* [Task input]:
BEGIN

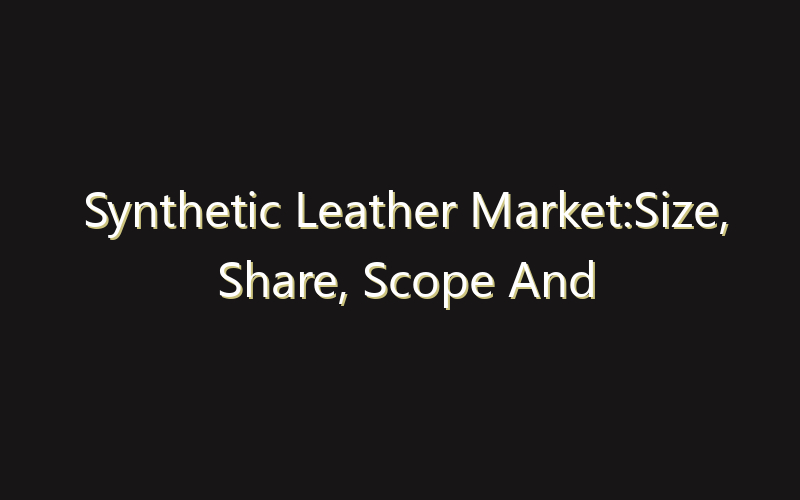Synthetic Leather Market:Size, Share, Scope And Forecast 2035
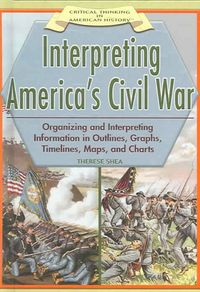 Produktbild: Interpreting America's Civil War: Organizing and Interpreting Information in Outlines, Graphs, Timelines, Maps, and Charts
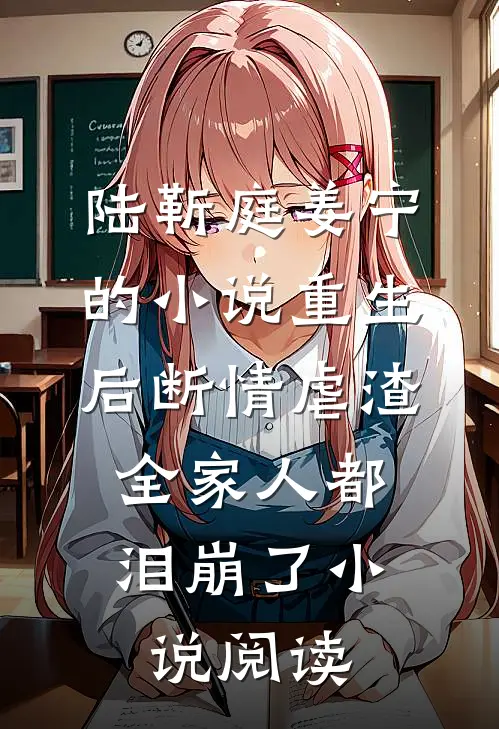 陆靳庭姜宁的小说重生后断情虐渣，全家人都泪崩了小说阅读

END
BEGIN

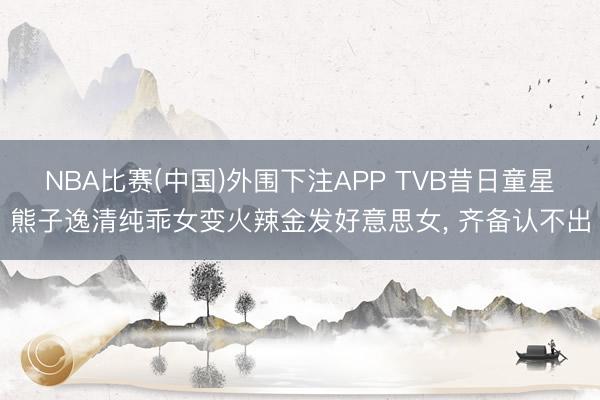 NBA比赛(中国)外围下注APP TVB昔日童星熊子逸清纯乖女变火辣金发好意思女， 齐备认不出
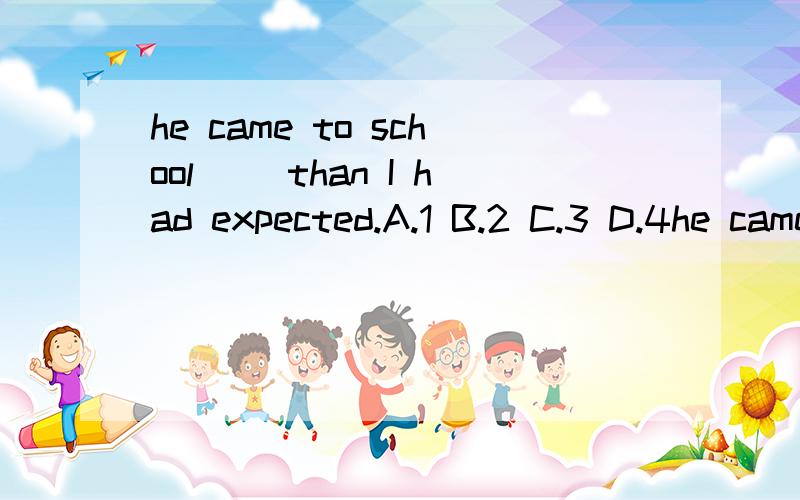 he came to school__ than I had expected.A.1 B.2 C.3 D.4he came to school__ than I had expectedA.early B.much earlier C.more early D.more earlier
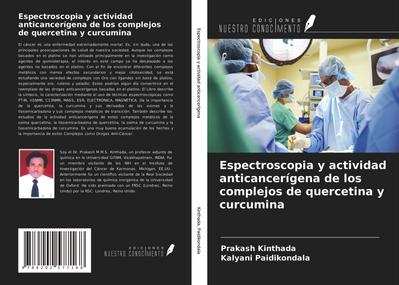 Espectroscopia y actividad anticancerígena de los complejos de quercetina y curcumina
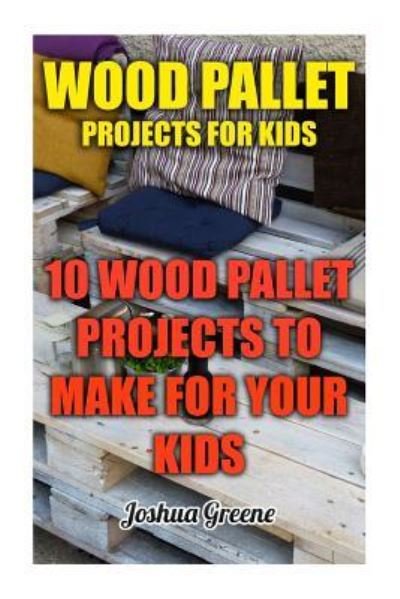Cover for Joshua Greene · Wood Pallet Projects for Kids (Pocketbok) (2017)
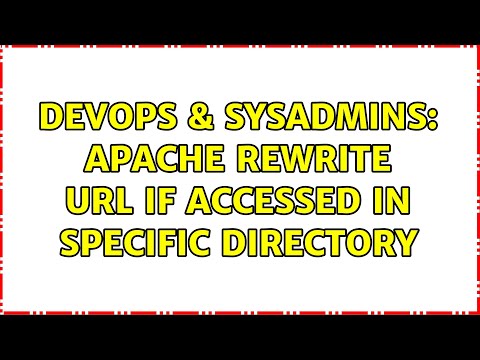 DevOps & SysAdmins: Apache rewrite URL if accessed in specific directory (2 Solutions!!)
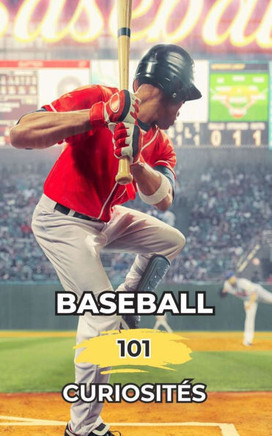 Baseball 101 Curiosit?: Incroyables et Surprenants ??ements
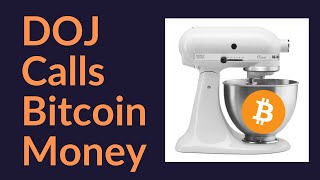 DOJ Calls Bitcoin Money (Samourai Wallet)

END
BEGIN

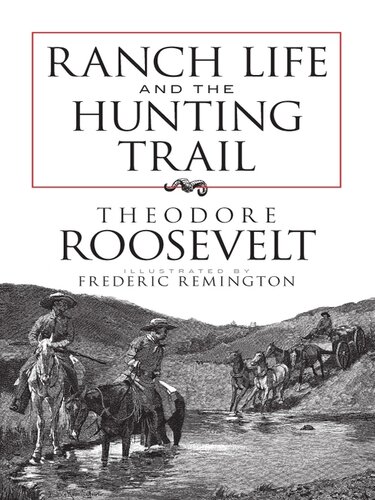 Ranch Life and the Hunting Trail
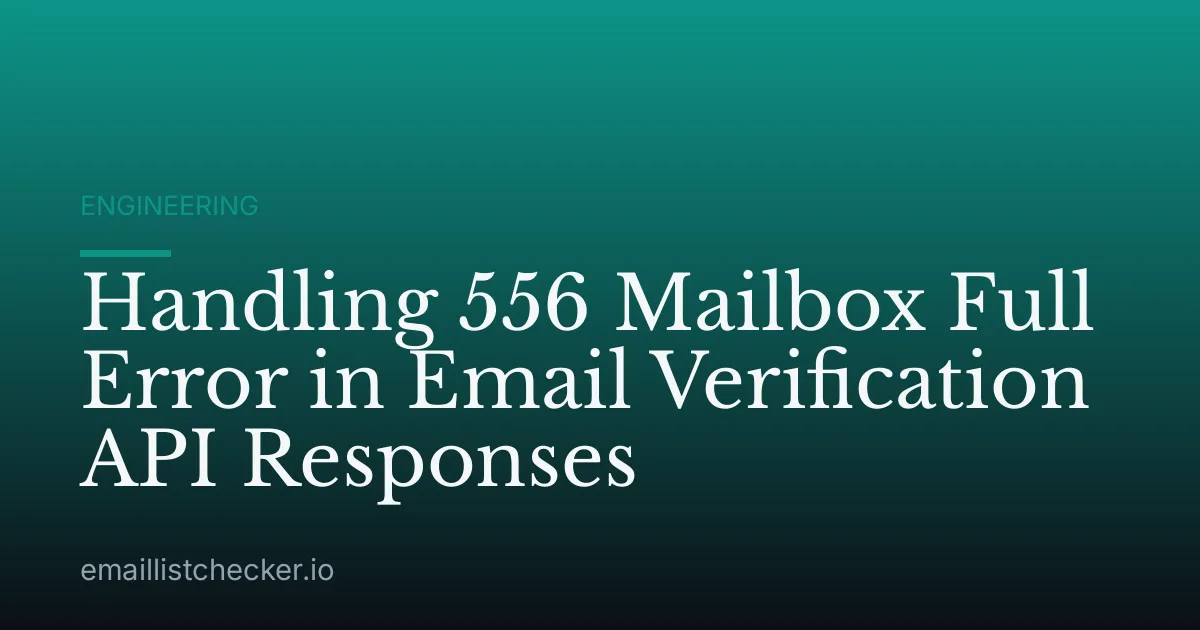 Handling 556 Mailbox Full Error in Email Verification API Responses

END

* [Exercise description]: Everything from the line with "Produktbild: Interpreting America's" down to the line with "陆靳庭姜宁的小说重生后断情虐渣，全家人都泪崩了小说阅读" in the data above should be copied exactly, with both end lines kept and the pictures left out.

* [Answer to this task]:
 Produktbild: Interpreting America's Civil War: Organizing and Interpreting Information in Outlines, Graphs, Timelines, Maps, and Charts
 陆靳庭姜宁的小说重生后断情虐渣，全家人都泪崩了小说阅读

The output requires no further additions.